We've Moved!
Visit SDSU’s new digital collections website at https://digitalcollections.sdsu.edu
Description
This work investigates the problem of modeling human phonotactic acceptability judgments. In particular, the question of which type of model is best suited to this task: models based on the probability of the phone segments in a particular word (phonotactic probability) or models based on the number of words that share phone sequences with a particular word (neighborhood density). The models developed in this work were based on classifiers, a type of machine learning model that is able to determine whether a new data item belongs to a particular class. Two type of classifiers were used, the perceptron: a linear classifier that is based on the number of times phone sequences occur (essentially a probability based model) and k Nearest Neighbor (kNN), a non-linear classifier that is based on the number of existing data items that are similar to a new data item (essentially a neighborhood density model). Two types of kNN models were developed: one based on two classes (like the perceptron models) and one based on multiple classes. The quality of these models was evaluated by comparing their judgments against the judgments of human subjects on a short phonotactic acceptability task. Human subjects were asked to rate a set of fifty nonce words from 1 to 7 based on their assessment of the phonotactic acceptability of these words. Comparison was calculated using the Spearman correlation.
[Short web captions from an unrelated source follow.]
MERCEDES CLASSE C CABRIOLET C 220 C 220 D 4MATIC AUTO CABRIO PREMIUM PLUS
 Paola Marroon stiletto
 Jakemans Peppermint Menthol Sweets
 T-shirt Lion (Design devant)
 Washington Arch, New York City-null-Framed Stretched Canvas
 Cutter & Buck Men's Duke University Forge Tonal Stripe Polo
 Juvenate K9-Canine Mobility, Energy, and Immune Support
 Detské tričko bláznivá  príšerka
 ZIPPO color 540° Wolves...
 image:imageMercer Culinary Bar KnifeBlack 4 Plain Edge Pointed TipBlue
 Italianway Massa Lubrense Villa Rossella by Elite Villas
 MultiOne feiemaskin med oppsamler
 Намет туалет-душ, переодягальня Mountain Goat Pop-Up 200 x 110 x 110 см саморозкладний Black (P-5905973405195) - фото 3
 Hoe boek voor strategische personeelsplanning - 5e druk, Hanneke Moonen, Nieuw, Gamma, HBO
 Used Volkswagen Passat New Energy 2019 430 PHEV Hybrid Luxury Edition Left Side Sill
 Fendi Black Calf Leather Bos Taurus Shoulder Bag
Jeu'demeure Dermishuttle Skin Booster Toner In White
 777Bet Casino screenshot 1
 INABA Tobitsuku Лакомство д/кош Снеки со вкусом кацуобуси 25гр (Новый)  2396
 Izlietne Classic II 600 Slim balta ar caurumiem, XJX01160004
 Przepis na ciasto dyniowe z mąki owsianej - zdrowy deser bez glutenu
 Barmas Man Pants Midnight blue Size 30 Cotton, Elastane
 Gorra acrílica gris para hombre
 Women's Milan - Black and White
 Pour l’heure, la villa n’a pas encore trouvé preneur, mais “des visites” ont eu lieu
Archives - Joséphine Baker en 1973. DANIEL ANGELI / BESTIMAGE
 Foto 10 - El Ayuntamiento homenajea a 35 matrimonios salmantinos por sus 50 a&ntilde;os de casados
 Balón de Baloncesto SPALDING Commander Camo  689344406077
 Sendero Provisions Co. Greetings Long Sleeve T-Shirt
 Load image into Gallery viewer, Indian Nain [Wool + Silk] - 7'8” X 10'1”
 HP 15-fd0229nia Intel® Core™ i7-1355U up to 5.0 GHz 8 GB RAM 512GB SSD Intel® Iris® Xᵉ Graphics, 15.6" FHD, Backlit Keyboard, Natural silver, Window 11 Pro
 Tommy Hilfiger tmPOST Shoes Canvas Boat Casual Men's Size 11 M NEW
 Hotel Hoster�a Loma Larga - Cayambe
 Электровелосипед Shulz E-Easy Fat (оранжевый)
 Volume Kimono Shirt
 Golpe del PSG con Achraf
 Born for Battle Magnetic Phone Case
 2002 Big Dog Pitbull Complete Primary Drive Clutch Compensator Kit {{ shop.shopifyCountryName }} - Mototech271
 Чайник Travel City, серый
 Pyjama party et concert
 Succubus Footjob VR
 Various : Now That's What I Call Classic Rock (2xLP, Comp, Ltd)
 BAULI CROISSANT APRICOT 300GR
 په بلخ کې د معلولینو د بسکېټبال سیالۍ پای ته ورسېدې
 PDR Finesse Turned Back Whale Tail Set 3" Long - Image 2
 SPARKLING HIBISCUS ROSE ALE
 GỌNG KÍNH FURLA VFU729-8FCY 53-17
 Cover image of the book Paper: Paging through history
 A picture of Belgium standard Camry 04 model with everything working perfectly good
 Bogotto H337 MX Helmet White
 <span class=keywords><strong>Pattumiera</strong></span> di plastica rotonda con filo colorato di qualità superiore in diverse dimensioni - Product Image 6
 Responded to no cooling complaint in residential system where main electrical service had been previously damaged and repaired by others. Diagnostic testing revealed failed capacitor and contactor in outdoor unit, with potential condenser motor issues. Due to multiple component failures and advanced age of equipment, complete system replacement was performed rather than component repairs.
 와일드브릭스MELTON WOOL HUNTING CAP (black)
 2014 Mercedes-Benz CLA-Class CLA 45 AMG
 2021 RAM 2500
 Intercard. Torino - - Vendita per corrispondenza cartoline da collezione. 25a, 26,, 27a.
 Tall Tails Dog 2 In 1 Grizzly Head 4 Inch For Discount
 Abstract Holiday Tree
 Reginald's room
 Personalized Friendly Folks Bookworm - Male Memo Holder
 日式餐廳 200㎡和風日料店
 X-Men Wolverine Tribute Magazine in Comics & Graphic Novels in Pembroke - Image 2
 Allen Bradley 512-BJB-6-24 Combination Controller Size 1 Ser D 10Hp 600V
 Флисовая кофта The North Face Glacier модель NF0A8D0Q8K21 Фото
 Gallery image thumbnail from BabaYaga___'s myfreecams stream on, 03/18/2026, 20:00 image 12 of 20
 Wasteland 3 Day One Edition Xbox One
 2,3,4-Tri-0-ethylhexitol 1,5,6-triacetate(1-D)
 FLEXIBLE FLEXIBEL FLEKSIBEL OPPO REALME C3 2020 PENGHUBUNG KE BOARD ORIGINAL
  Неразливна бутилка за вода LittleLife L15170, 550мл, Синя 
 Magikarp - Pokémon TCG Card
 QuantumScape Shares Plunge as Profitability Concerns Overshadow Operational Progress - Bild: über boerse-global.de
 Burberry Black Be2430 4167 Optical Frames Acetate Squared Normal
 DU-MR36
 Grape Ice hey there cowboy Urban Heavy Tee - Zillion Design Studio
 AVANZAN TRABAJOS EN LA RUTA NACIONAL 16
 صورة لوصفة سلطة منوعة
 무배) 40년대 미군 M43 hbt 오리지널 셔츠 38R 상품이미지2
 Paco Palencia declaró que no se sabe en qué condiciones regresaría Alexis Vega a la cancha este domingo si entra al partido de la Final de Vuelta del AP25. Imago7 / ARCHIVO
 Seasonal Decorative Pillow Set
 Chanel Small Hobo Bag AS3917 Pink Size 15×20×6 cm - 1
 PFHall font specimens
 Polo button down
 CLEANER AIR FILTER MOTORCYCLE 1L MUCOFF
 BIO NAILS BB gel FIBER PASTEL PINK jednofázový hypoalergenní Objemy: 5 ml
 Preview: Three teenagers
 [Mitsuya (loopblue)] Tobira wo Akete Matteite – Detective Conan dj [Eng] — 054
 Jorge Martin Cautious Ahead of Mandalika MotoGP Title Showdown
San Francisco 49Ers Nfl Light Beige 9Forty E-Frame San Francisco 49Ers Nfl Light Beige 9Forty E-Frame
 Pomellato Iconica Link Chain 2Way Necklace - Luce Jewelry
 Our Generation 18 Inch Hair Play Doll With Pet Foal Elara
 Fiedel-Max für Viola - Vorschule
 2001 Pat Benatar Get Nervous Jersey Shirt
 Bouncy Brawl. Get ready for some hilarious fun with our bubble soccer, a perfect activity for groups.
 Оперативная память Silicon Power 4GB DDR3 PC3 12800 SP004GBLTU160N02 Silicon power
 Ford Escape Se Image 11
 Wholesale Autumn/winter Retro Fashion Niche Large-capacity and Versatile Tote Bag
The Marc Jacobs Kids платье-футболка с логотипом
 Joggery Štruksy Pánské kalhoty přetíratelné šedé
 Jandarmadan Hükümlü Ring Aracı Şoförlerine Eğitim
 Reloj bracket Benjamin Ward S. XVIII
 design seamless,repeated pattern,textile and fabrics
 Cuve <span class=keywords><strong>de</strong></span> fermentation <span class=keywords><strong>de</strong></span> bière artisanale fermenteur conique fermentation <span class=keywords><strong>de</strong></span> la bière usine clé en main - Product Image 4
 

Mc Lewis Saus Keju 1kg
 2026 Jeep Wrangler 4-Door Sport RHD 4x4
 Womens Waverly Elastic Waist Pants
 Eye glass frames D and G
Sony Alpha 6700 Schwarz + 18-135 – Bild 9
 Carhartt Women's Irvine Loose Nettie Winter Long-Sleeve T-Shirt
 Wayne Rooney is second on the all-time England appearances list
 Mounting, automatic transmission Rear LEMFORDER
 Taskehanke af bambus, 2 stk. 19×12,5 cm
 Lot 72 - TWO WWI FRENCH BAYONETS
The two-class classifier models (based on perceptron and kNN) performed by far the best and both performed approximately equally well under optimal conditions, while the multi-class kNN model performed considerably worse. The results did not indicate that one type of model (phonotactic probability or neighborhood density) performed better than the other. However, it is possible that both phonotactic probability and neighborhood density effects are influencing the performance of both types of models. And finer grained differences may emerge using a phonotactic acceptability task that employs more sophisticated means to control for both types of effects.